Back on Aug 2nd Jamie and Chad shipped their calves. They got up early and with the help of family, friends and neighbors gathered all the cows and calves.
Once gathered, they carefully corral the herd. This is the first tricky part. You have to move cattle into a corral at just the right speed, too slow and they won’t move together and you won’t get anywhere, too fast and they will get nervous and worked up and probably not see the gate and you end up spilling the whole herd. If you spill them once it usually spells big trouble. They are a little bit like toddlers or corgi puppies in that respect, once they figure out how to pull one over on you they are bound and determined to repeat it. The last thing anyone wants to do is have to re-gather a couple hundred head of cattle, especially on shipping day. So everyone has to be on the same page and paying attention.
Once they are safely in the corral everyone breathes a sigh of relief and then the second tricky part starts. Now, one brave, highly skilled person is selected to stand in the gate and let the cows out without letting the calves out. This means when a cow comes running at you, you step aside and let her through, when a 400 pound calf comes running at you, step in front of it and don’t let it through. Pretty simple really. Of course, sometimes the 400 pound calf doesn’t stop when you step in front of it and instead runs you over. You can see why everyone wants this job, it’s very exciting.
Once the cows are out of the corral the calves are loaded onto trucks and taken to the headquarters to be weighed and sorted. They are unloaded and the steers (boys) are sorted from the heifers (girls). Then they are sorted one more time, this time any that seem small or sick are pulled aside. Then they are weighed in groups of 40. Since they are sold by weight this part is pretty important which is why the seller and the buyer or the buyer’s rep usually do this part together. As the calves come off the scale the brand inspector counts them and makes sure they have the right brand, you don’t want to accidentally sell any of the neighbors calves, they tend to like to do that themselves.

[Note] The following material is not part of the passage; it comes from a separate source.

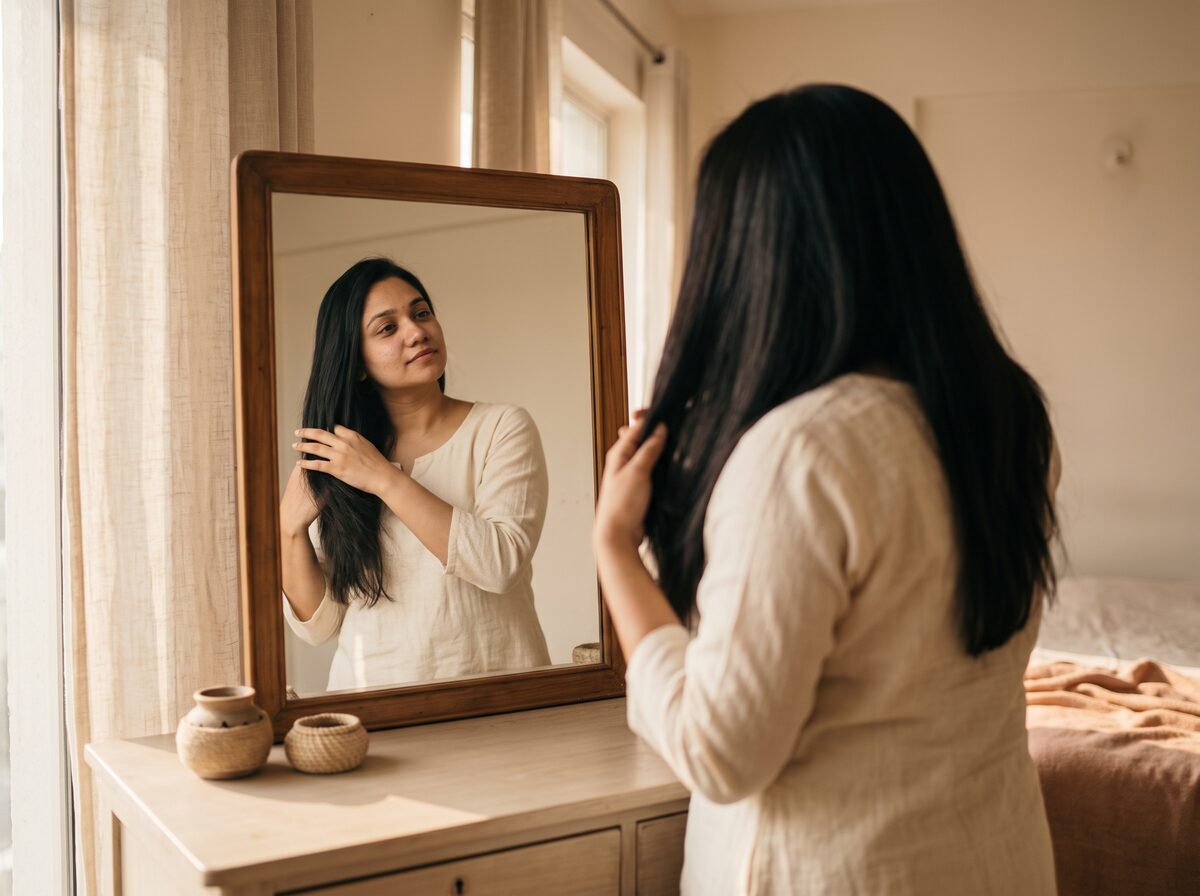 A woman at home running her fingers through smooth, treated hair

Then they are loaded onto the buyers trucks and off they go to their new destination.
This year Jamie and Chad’s steers were bought by Geezer Bowling and they went to Nebraska. Their heifers were bought by Rose and Kent Bacon who have a ranch in the Flint Hills of Kansas. They traveled about 16 hours to reach their new home in Kansas.
Rose and Kent will feed them a mix of grain, grass and hay for several more months. The calves come in to feed bunks in the morning for their grain and Rose and Kent ride through them to make sure they are all looking healthy and take care of any that might be sick. Once the calves finish eating they send them back out to the pasture for the rest of the day. In a normal year they would graze on grass for the rest of the day but because of the drought they are needing to feed them hay this year.
Rose says they are doing well in spite of the heat and dry weather. They are praying hard for rain in Kansas too.